Why do you claim that no one is interested in this? Lots of labs do data filtering, which is known to be effective but quite costly to iterate on.
- Fabien Roger 24 Jun 2025 15:43 UTC
  LW: 2 AF: 2
  0
  AF Parent
  EDIT: I think I misunderstood your original point—were you saying to just label all of the data using a classifier trained on just 1% of the pretraining data? (Neither of your schemes say what to do after step 3.)
  Oops I was more unclear than I thought.
  I am imagining schemes of the form:
  1. you create a small set of data labeled “harmful / not harmful”
  2. you use it to train your filter / unlearning model. That is small and it’s cheap to iterate on it.
  3. you do distillation on pretraining tokens, either
    on sth like 0 if filter(x)=harmful else logprobs(regular base model) (this is regular data filtering + distillation)
    on logprobs(unlearned model) (this is what you are suggesting)
    (and I claim this has roughly the same effect as i to distilling on noise if implicit_unlearning_filter(x)=harmful else logprobs(regular base model) because I would guess this is roughly what the logprobs of unlearned models look like)
  (and this produces a base model that does not have the harmful knowledge, which you use for your regular post-training pipeline then deployment).
  Why do you claim that no one is interested in this? Lots of labs do data filtering, which is known to be effective but quite costly to iterate on.

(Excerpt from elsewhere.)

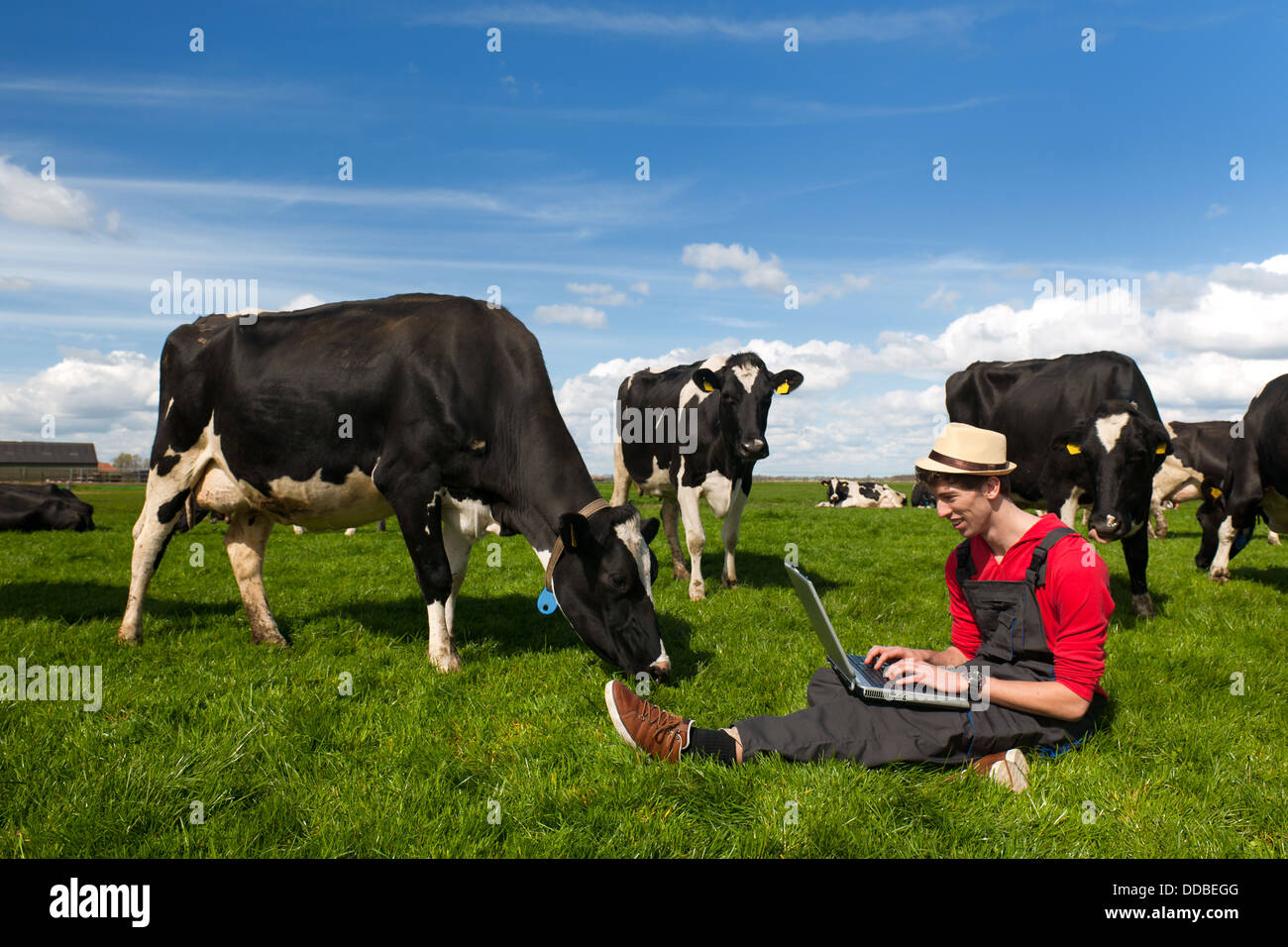 Junglandwirt mit Laptop im Feld mit Kühen Stockfoto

  I think using UNDO at p=50% of full retraining compute is not much cheaper than regular distillation (on an unlearned / filtered model), adds a lot of risk to a potentially very expensive operation, and has fewer robustness benefit than full retraining. But maybe I am wrong here, I expressed too much confidence. (I also think it doesn’t really matter, my guess is that future work will find much stronger positive results in this part of the space and push the pareto frontier beyond UNDO.)
  quite costly to iterate on.
  [edit] actually I maybe missed this part. I did not take into account that an UNDO(10%) could be a great de-risking strategy for a full distillation run, which makes UNDO(10%) much more relevant than I thought. Good point.